> [What you have to do] Please return every entry below exactly as written, without any of its pictures.

Stored dataset items:
###

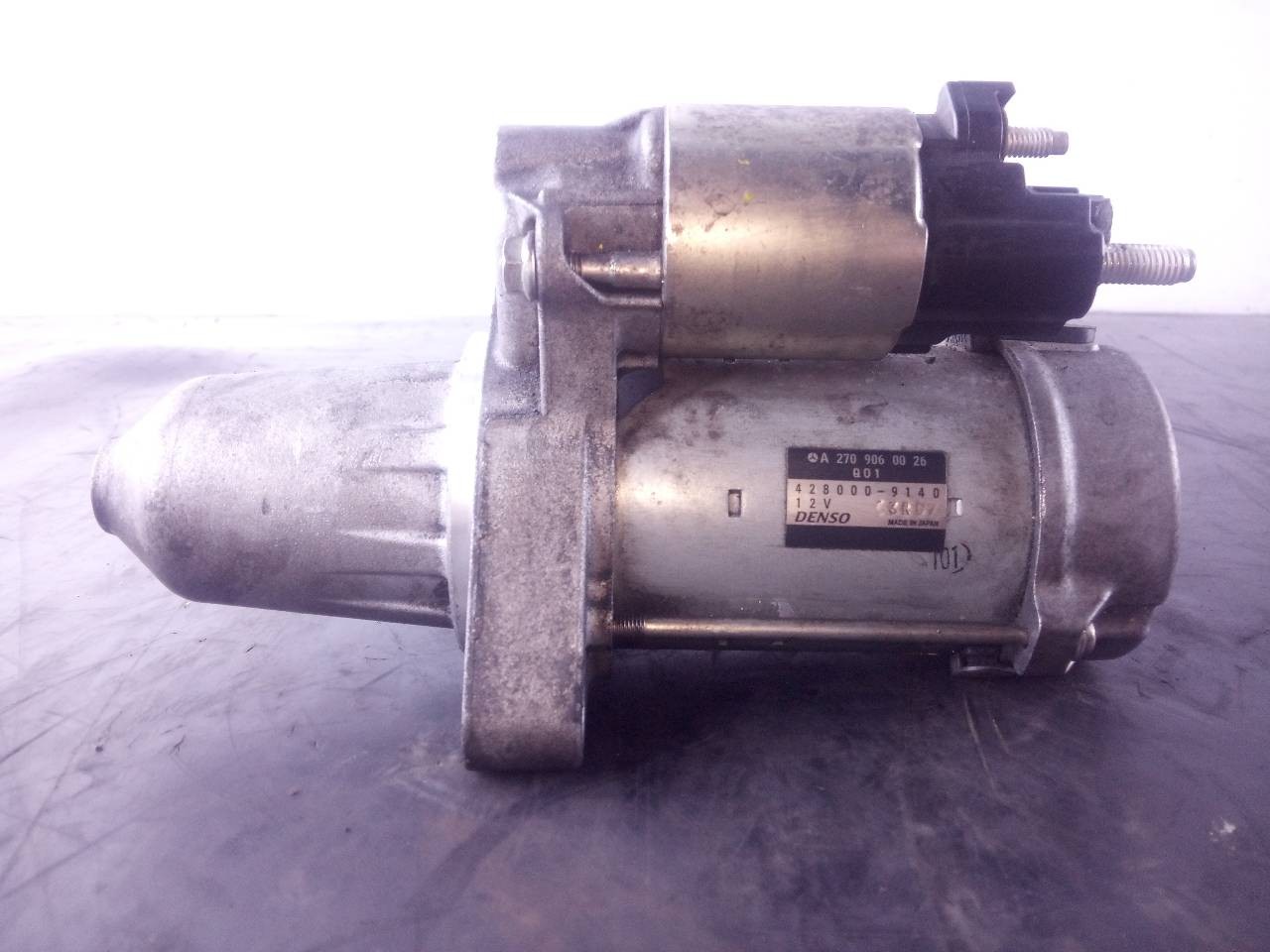 MOTOR ARRANQUE MERCEDES-BENZ CLASE A (W176) A2709060026 / P3-A10-33-3 / 4280009140 A2709060026P3A103334280009140 - Vista 2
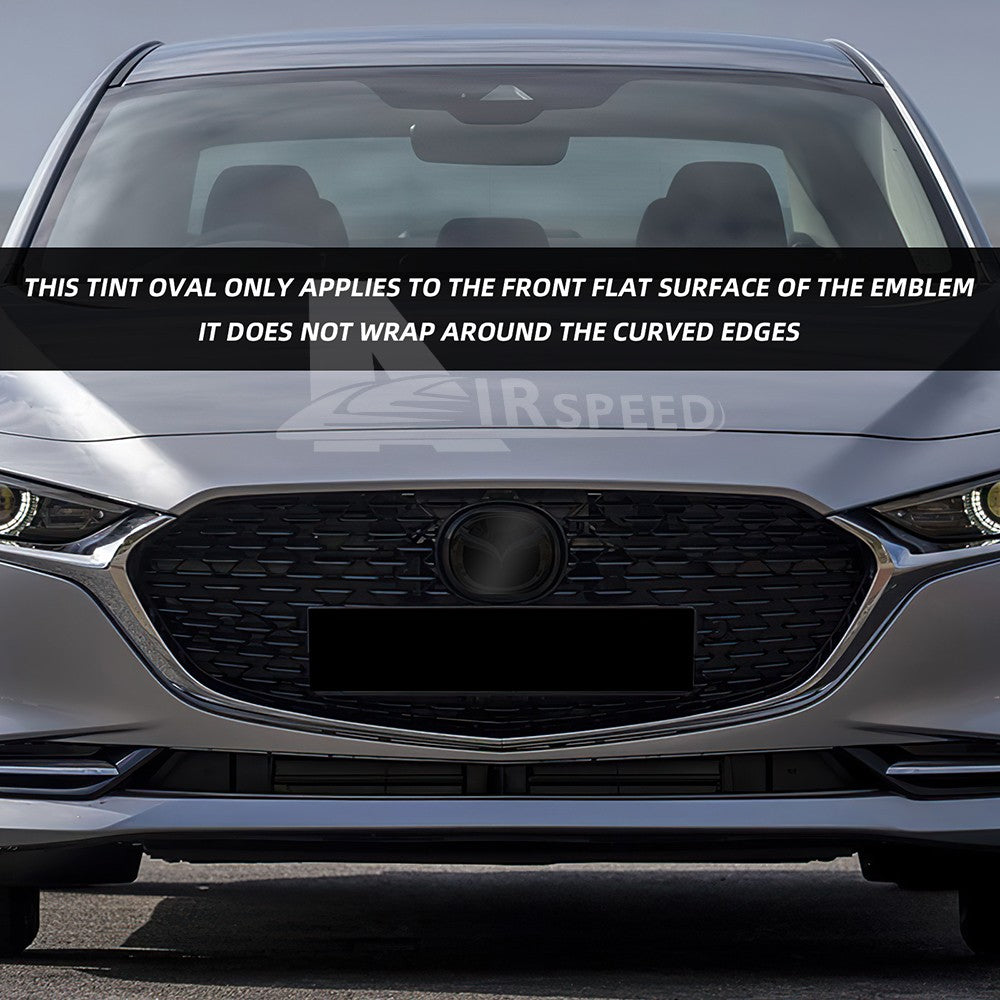 Smoked vinyl decals for the 2019–2025 Mazda 3 emblem - FREE GIFT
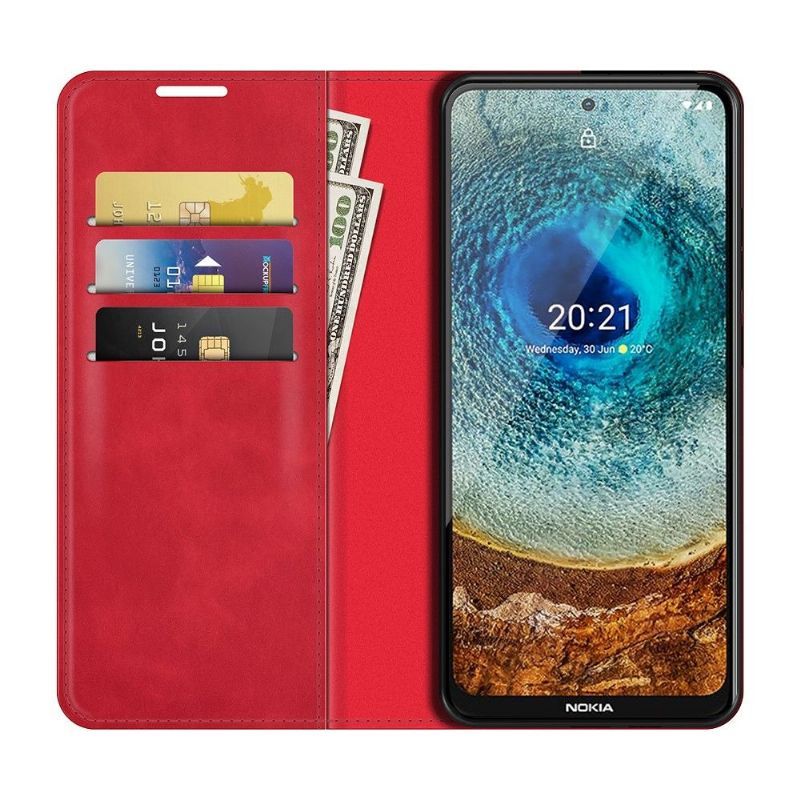 Pouzdra Na Nokia X20 / X10 Funkční Stojan Z Umělé Kůže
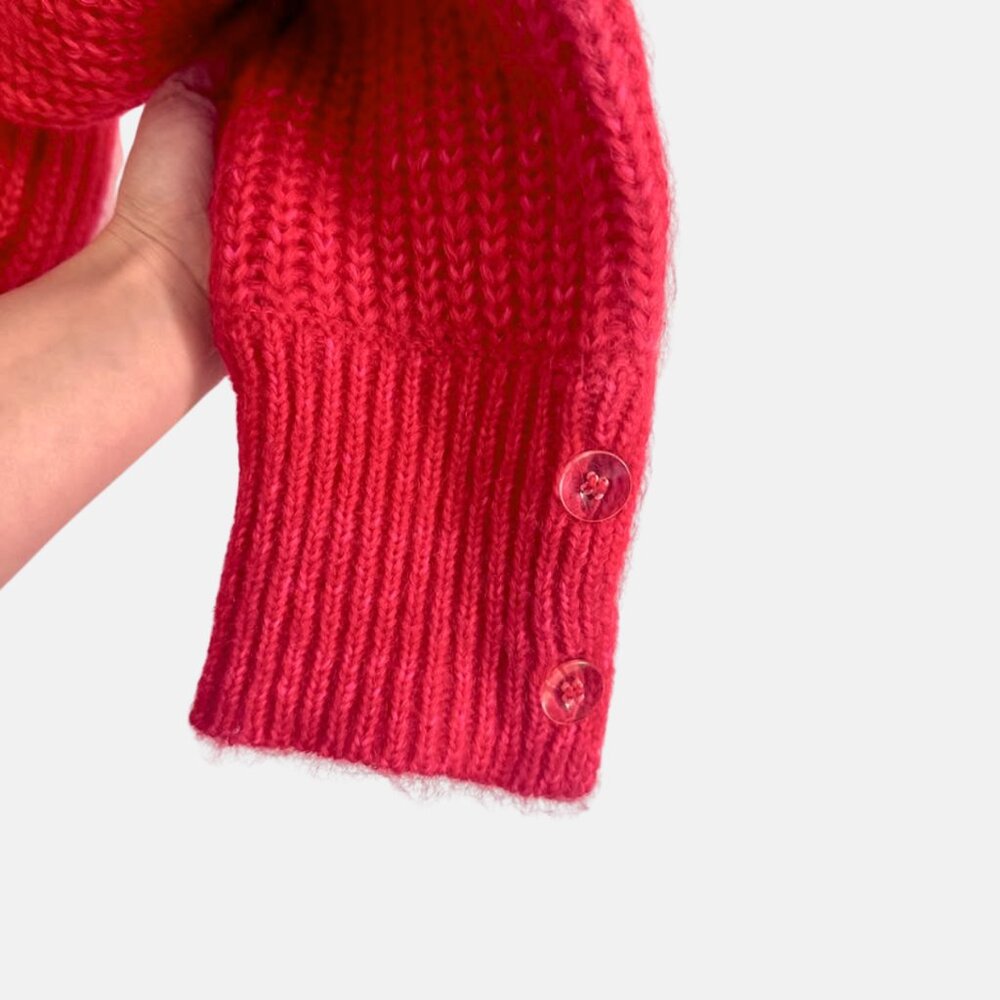 Kenzo Red Wool Sweater - Picture 2 of 7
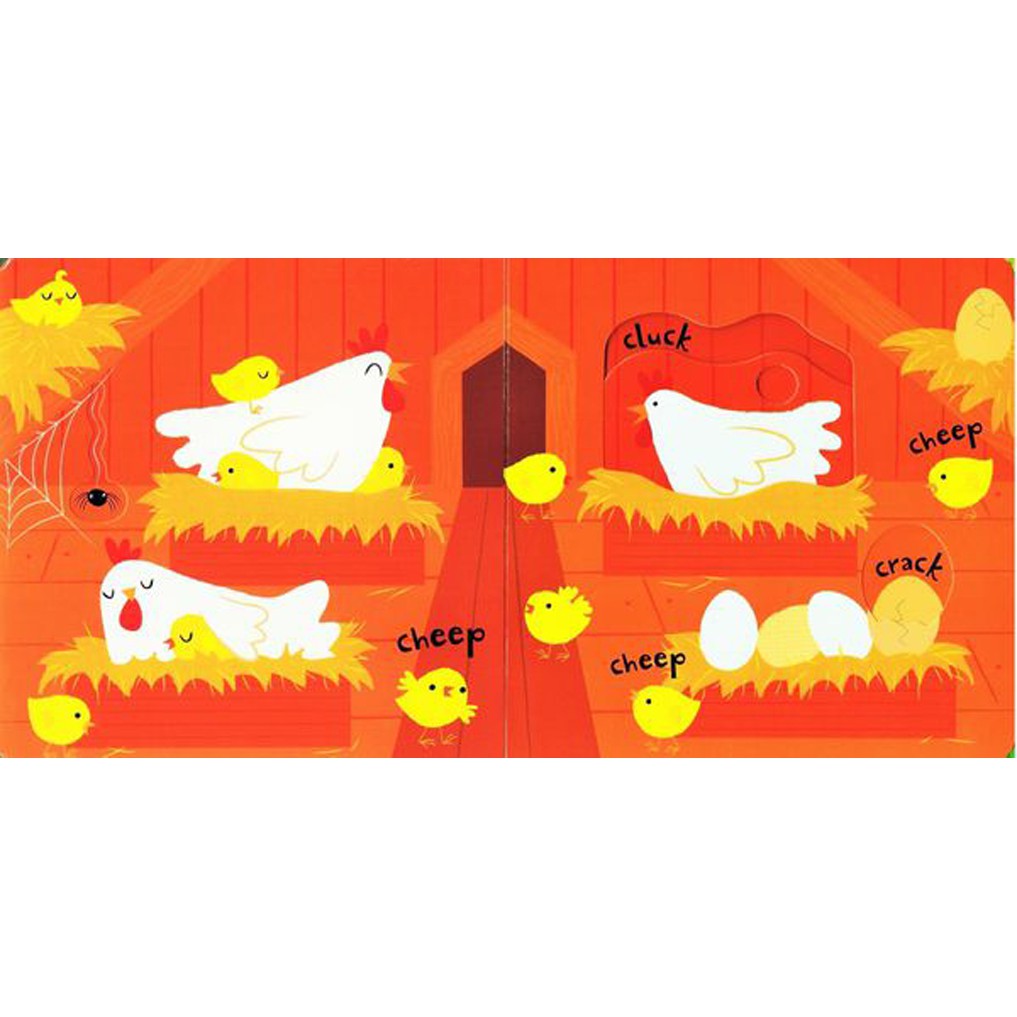 Sách - Anh: Baby's Very First Slide And See Farm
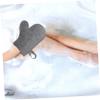 BESTYASH 2Pcs Bathing Gloves for Exfoliation Soft Felt Sauna Mitts Comfortable Body Scrubbers for Spa and Shower for Deep Clean and Skin Care view 4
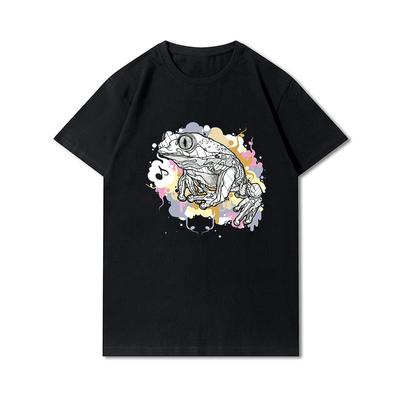 Yaz Grafik Erkek Tişörtleri Anime Erkek Tişörtleri Harajuku Üstler Vintage Kısa Kollu Büyük Boy Unisex Gömlekler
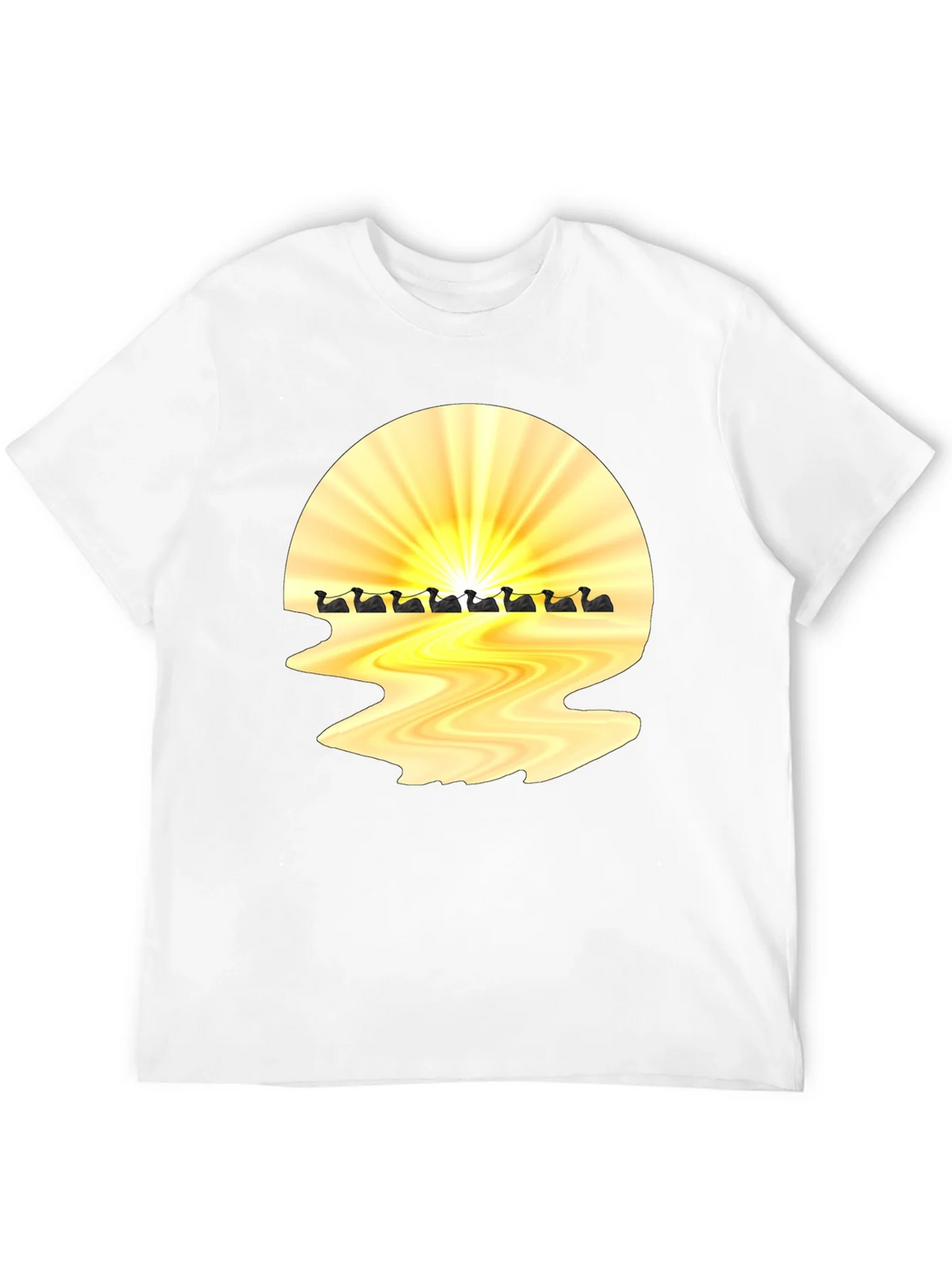 Sunrise Duck Row Black T-Shirt product image 3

###

> [Output for this task]
 MOTOR ARRANQUE MERCEDES-BENZ CLASE A (W176) A2709060026 / P3-A10-33-3 / 4280009140 A2709060026P3A103334280009140 - Vista 2
 Smoked vinyl decals for the 2019–2025 Mazda 3 emblem - FREE GIFT
 Pouzdra Na Nokia X20 / X10 Funkční Stojan Z Umělé Kůže
 Kenzo Red Wool Sweater - Picture 2 of 7
 Sách - Anh: Baby's Very First Slide And See Farm
 BESTYASH 2Pcs Bathing Gloves for Exfoliation Soft Felt Sauna Mitts Comfortable Body Scrubbers for Spa and Shower for Deep Clean and Skin Care view 4
 Yaz Grafik Erkek Tişörtleri Anime Erkek Tişörtleri Harajuku Üstler Vintage Kısa Kollu Büyük Boy Unisex Gömlekler
 Sunrise Duck Row Black T-Shirt product image 3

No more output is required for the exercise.